E poi niente esperimenti, per quelli ci vuole sempre troppo tempo. In Germania si cercò la pozione magica, ma anche lì Spalletti non aveva tempo e venne fuori un intruglio strano. Scelse un modulo strutturato, all’apparenza solido. Ma non abbastanza, visto come è andata a finire. Per la Nations League l’idea è proporre un vecchio adagio, un 3-5-2, al massimo un 3-4-2-1. Tombola. Perché più dei numeri contano gli uomini.

D’altra parte Spalletti ci ha pensato su, si è tormentato, si è rigirato nel letto. Gli incubi di un ct hanno sempre forme strane. E a forza di riflettere, di valutare, di trovare un senso alle cose, deve essergli arrivata l’illuminazione: «Agli Europei nelle richieste un po’ troppo esigenti c’era anche quella di difendere a quattro e costruire a tre, di cambiare vestito durante la partita. Probabilmente quello è stato un errore».
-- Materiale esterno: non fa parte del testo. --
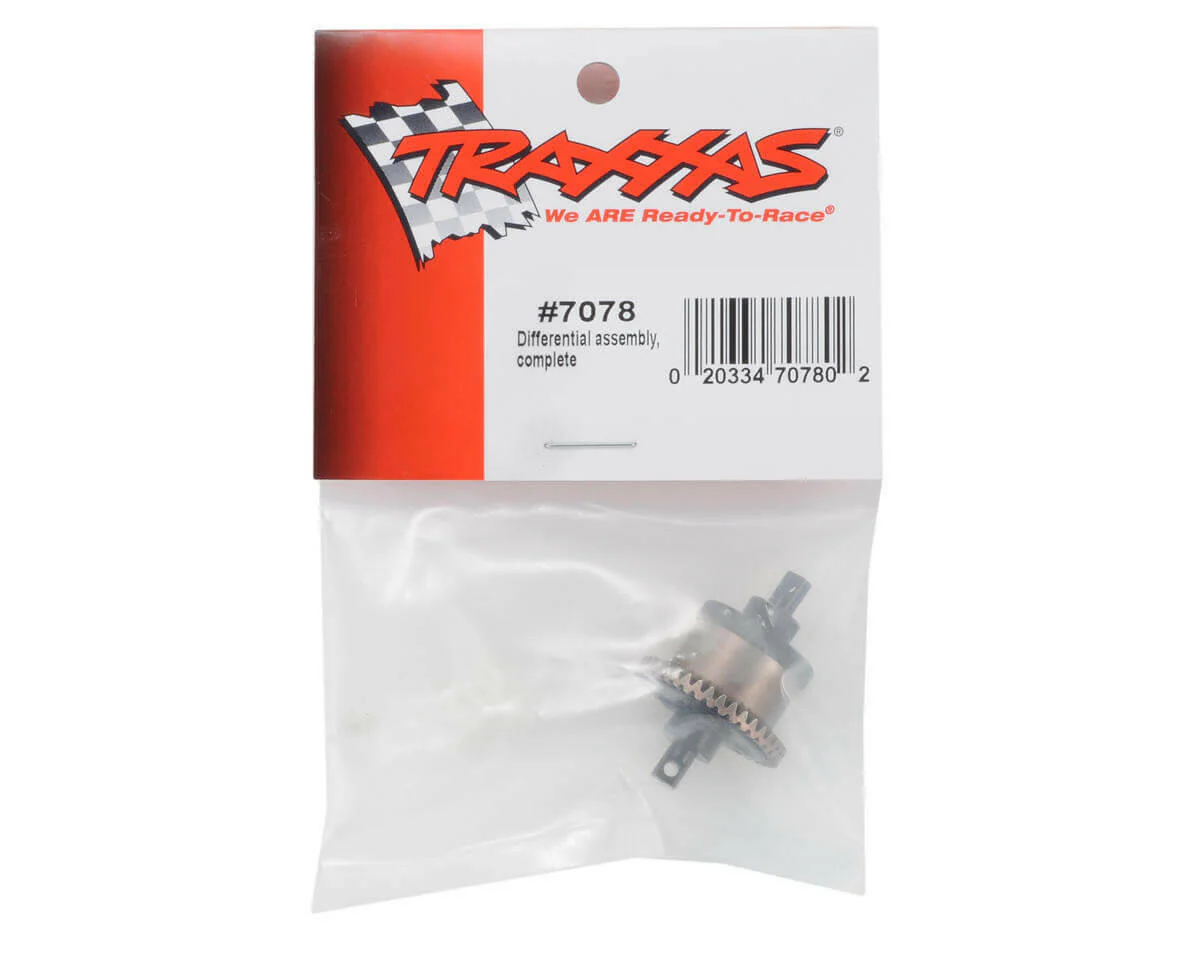 Différentiel Complet - Traxxas 7078 - Image 2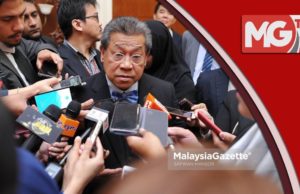 VIDEO – ‘Saya sudah beritahu perkara ini akan bocor’ – Pandikar Amin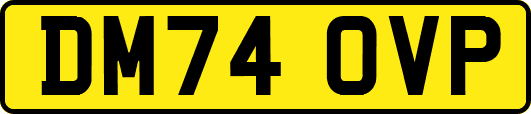 DM74OVP
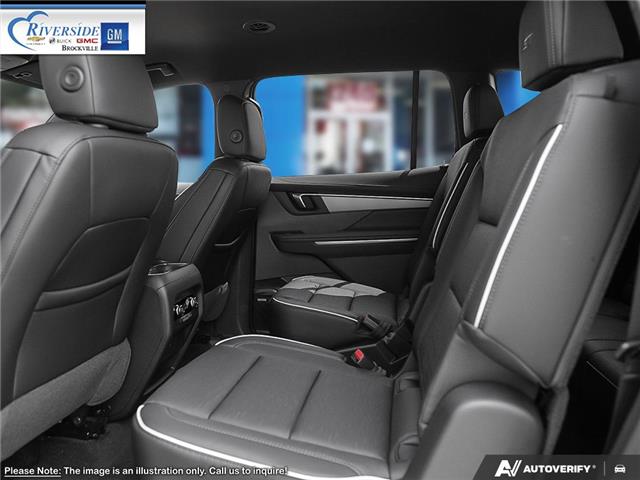 2026 Buick Enclave Sport Touring (Stk: 26-026) in Brockville - Image 21 of 26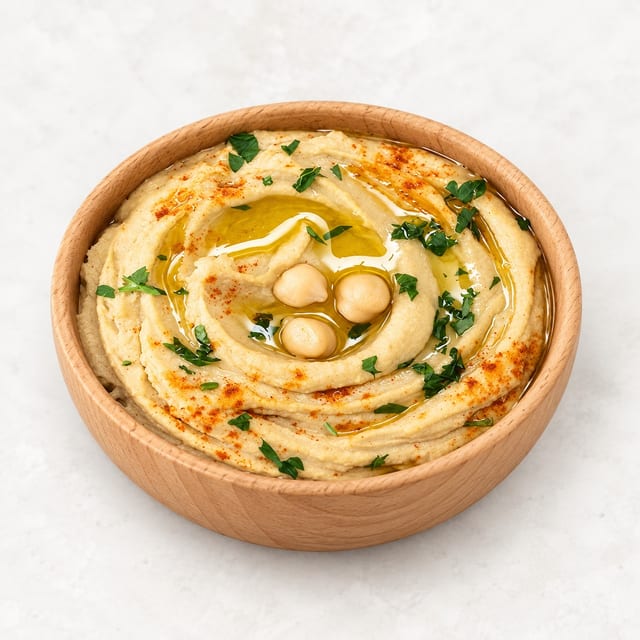 Hummus.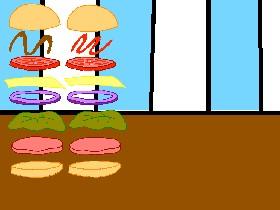 Burger maker 2000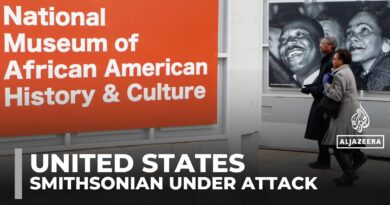 Trump admin orders Smithsonian museums to be reviewed for ‘Americanism’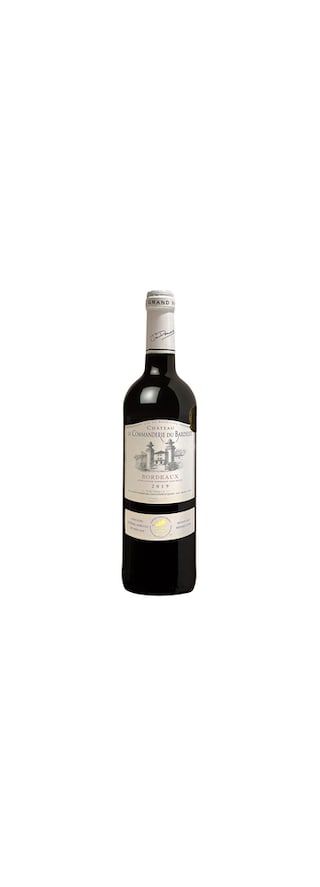 Ch La Commanderie du Bardelet | Commande Bardelet 75 cl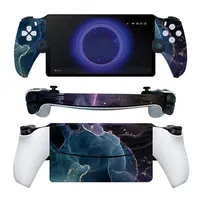 Autocollant de peau décalcomanie pour Play Station portail couverture en vinyle pour PS portail Console housse de Film de protection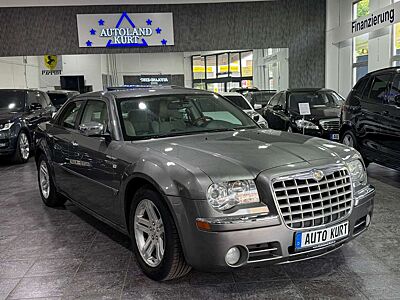 Chrysler 300C 3.0 CRD*Glasdach*Leder*Shz*PDC*Xenon*1Hd.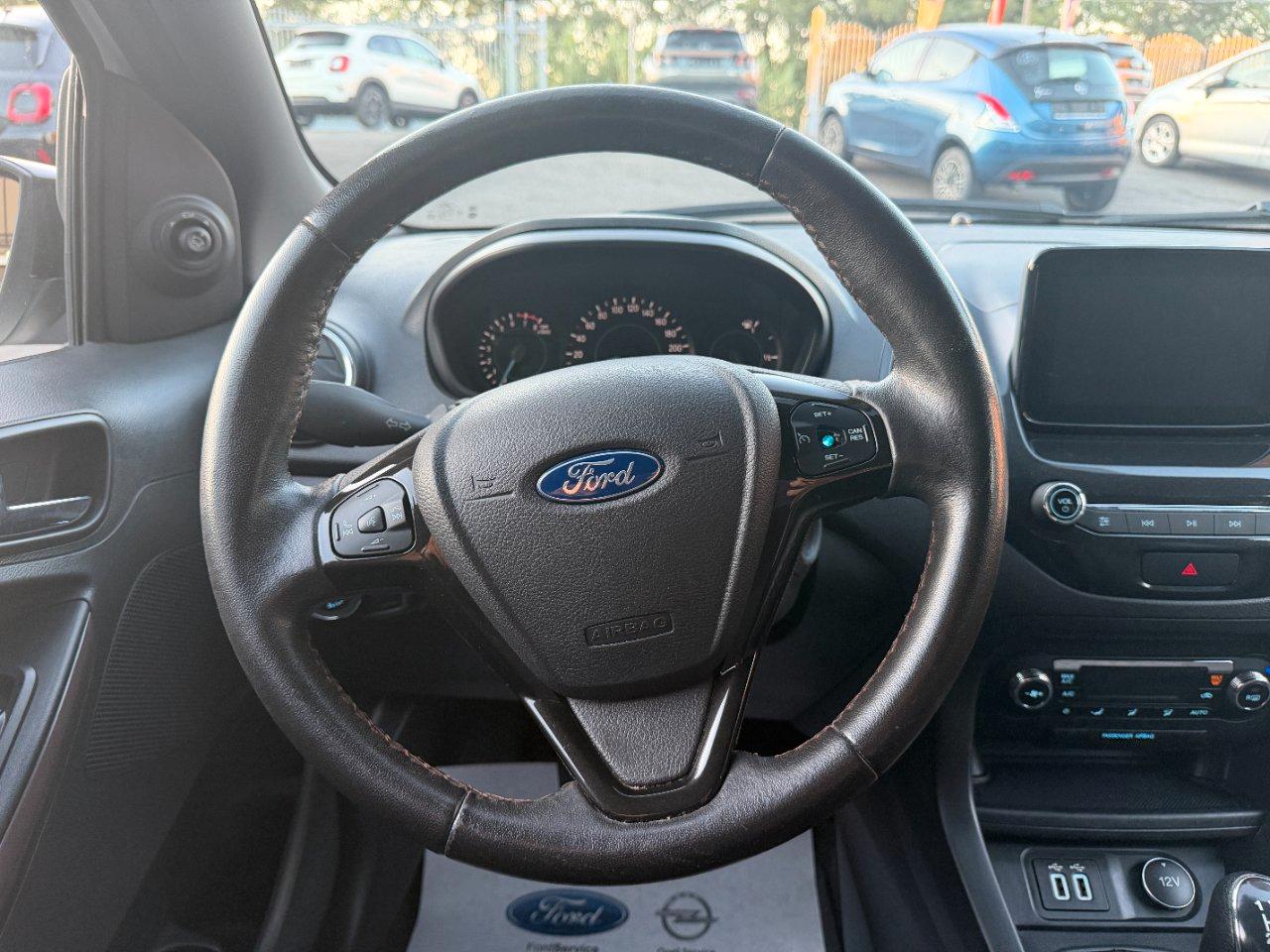 Ford Ka Active Plus Ka + active 1.2 s&s 85cv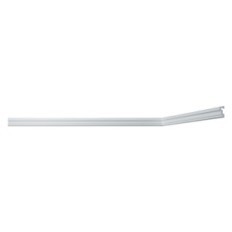 CORNICE DECORATIVA PER SOFFITTO SERIE LUXSTYL mod. L3515 - mm 15 x 35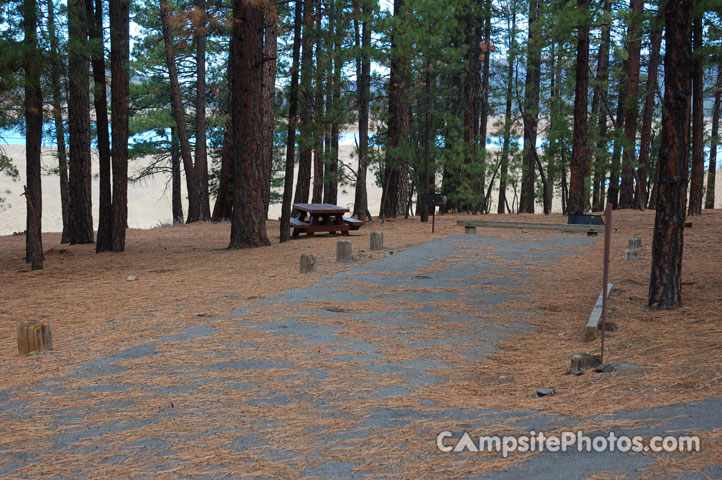 Logger Campground 139
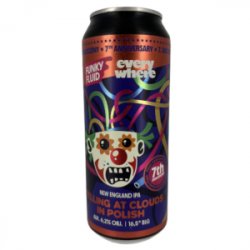 Funky Fluid Yelling At Clouds In Polish (collab Everywhere) Funky Fluid Yelling At Clouds In Polish (collab Everywhere)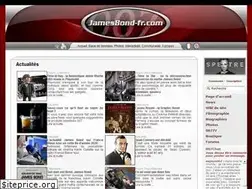Sites similar to jamesbond-fr.com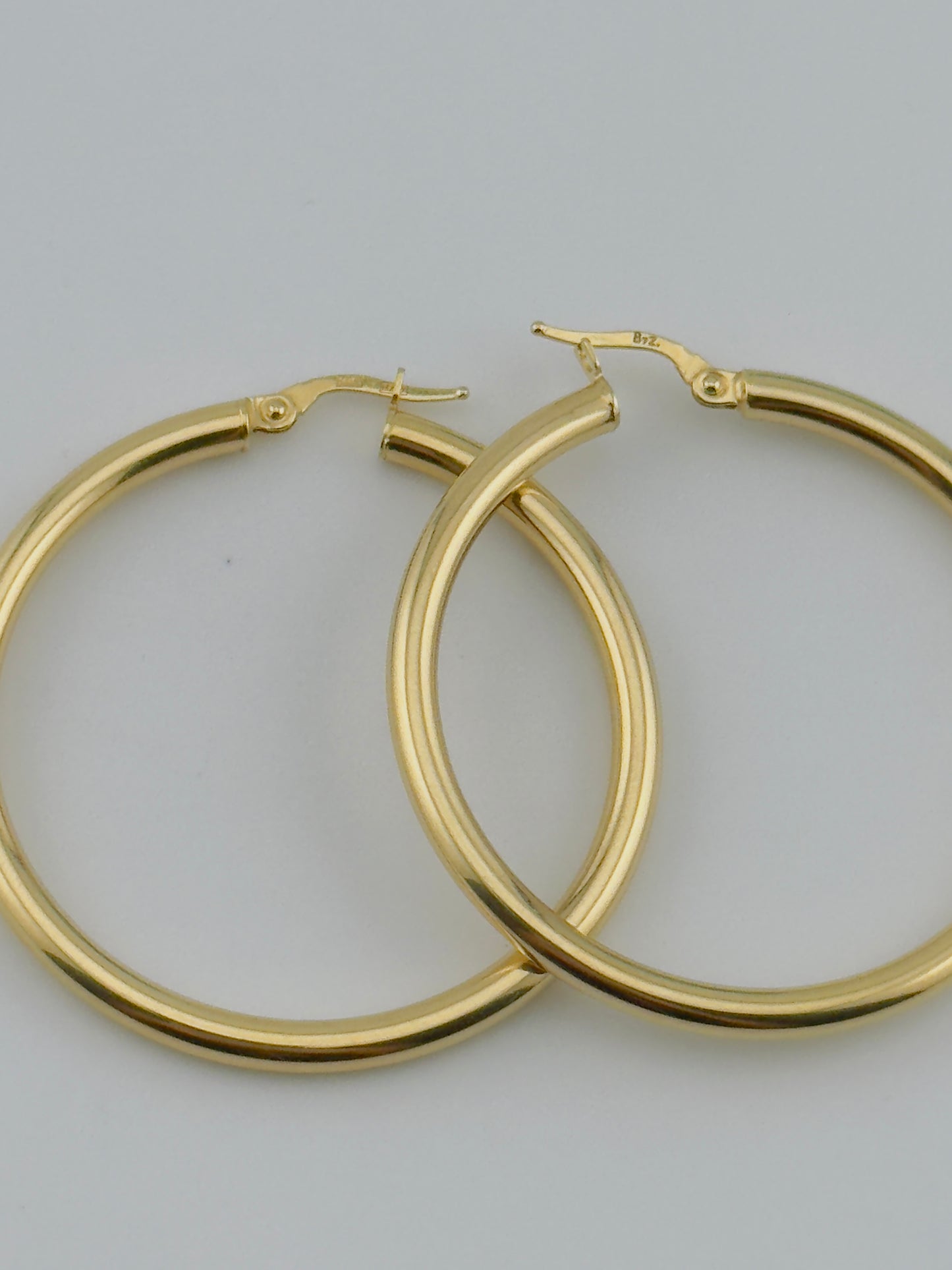 Hoops 14kt, e70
E dunque contro la Francia prima e con Israele poi niente rimescolamenti. Un modulo solo, pochi compiti e ben definiti. L’Italia che sfidava la Spagna sul possesso palla, quella del neo tiki-taka, un po’ avanguardia e un po’ suberbia, è già stata archiviata. Si torna all’usato sicuro. Anche nel calcio ci vogliono certezze.

I giovani

Ma nel calcio ci vuole soprattutto coraggio. E ce ne vuole per ringiovanire una rosa che, a questo giro, perde qualche veterano (Chiesa, che doveva allenarsi con il Liverpool) e getta nella mischia volti nuovi. Su tutti: Caleb Okoli e Marco Brescianini. Il primo, difensore del Leicester, ex dell’Atalanta, è andato a cercare fortuna in Premier. Ha detto che qualche offerta dalla Serie A l’aveva avuta, «ma io sognavo di giocare in Inghilterra. Volevo andare lì e quando c'è stata questa opportunità l'ho colta al volo, credo possa ripagarmi fortemente».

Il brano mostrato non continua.